Data segment below:
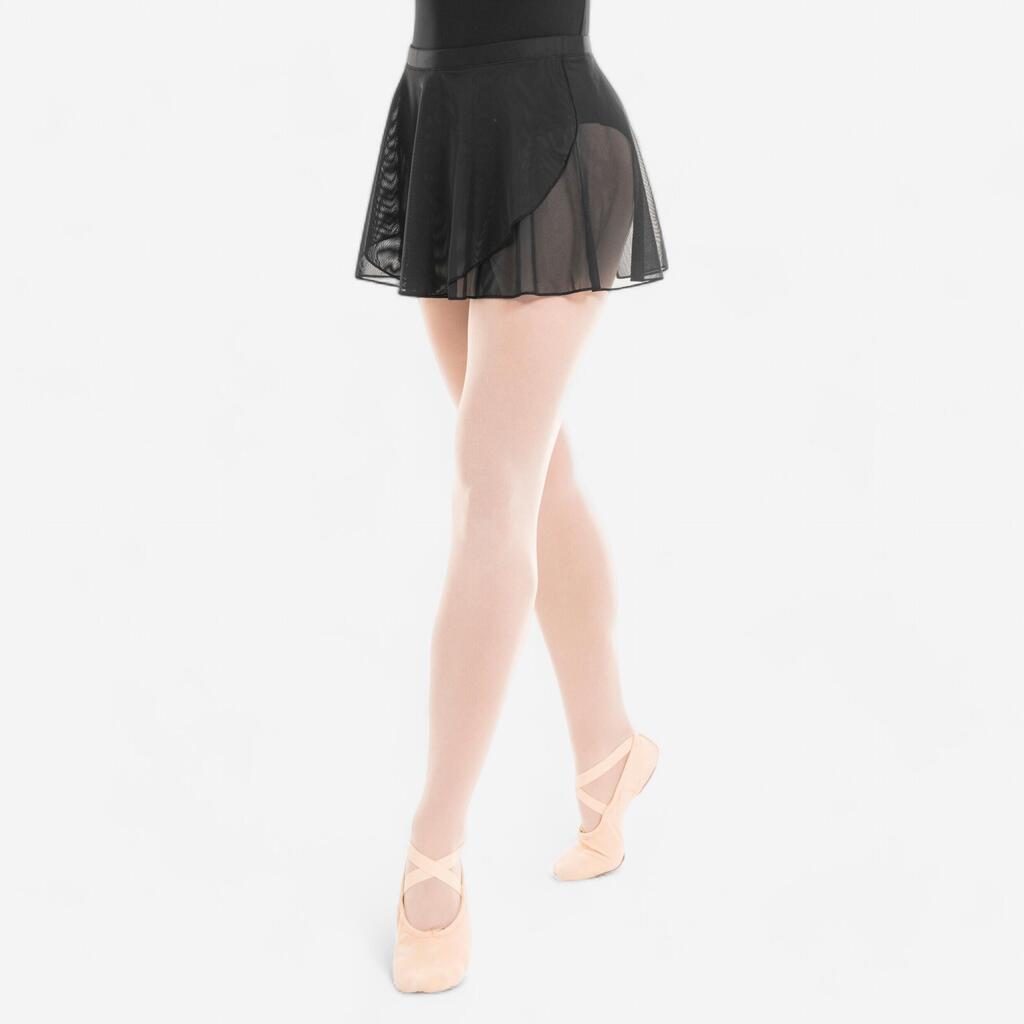 Girls' Ballet Voile Wrap Skirt - Black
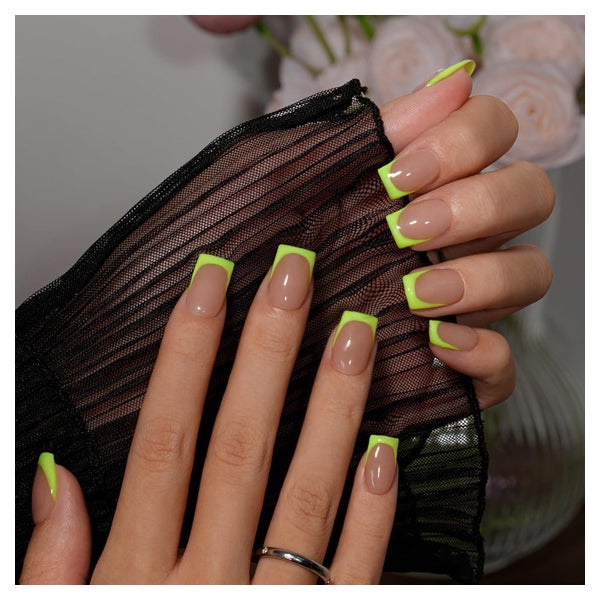 Nägel künstliche kurz quadratisch French Tip 30 Stück Set Ne 1 St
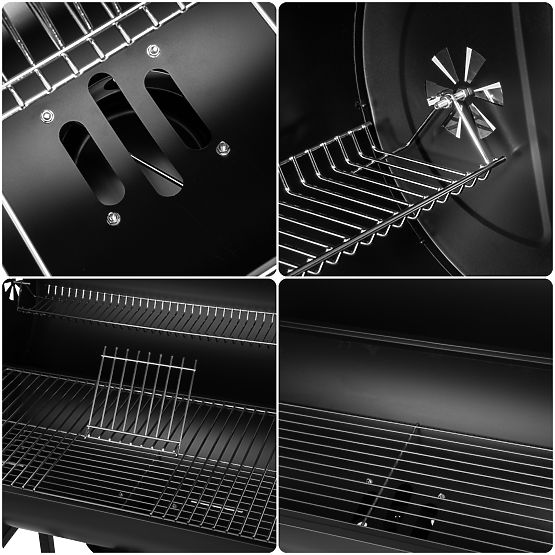 Garden Charcoal Grill 2 Grates Ash Pan BAREL WOOD
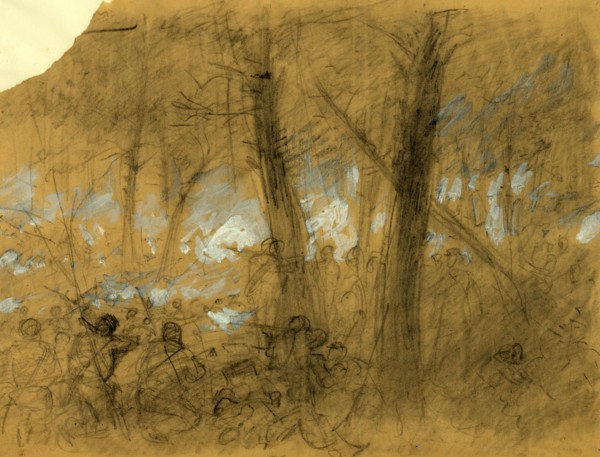 Glendale, Va, 1862 June 30, drawing on tan paper pencil and Chinese white, 22.9 x30.5 cm,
End of Data segment.
# What you need to do
Omitting all pictures, set the listing down exactly.

# Exercise output
 Girls' Ballet Voile Wrap Skirt - Black
 Nägel künstliche kurz quadratisch French Tip 30 Stück Set Ne 1 St
 Garden Charcoal Grill 2 Grates Ash Pan BAREL WOOD
 Glendale, Va, 1862 June 30, drawing on tan paper pencil and Chinese white, 22.9 x30.5 cm,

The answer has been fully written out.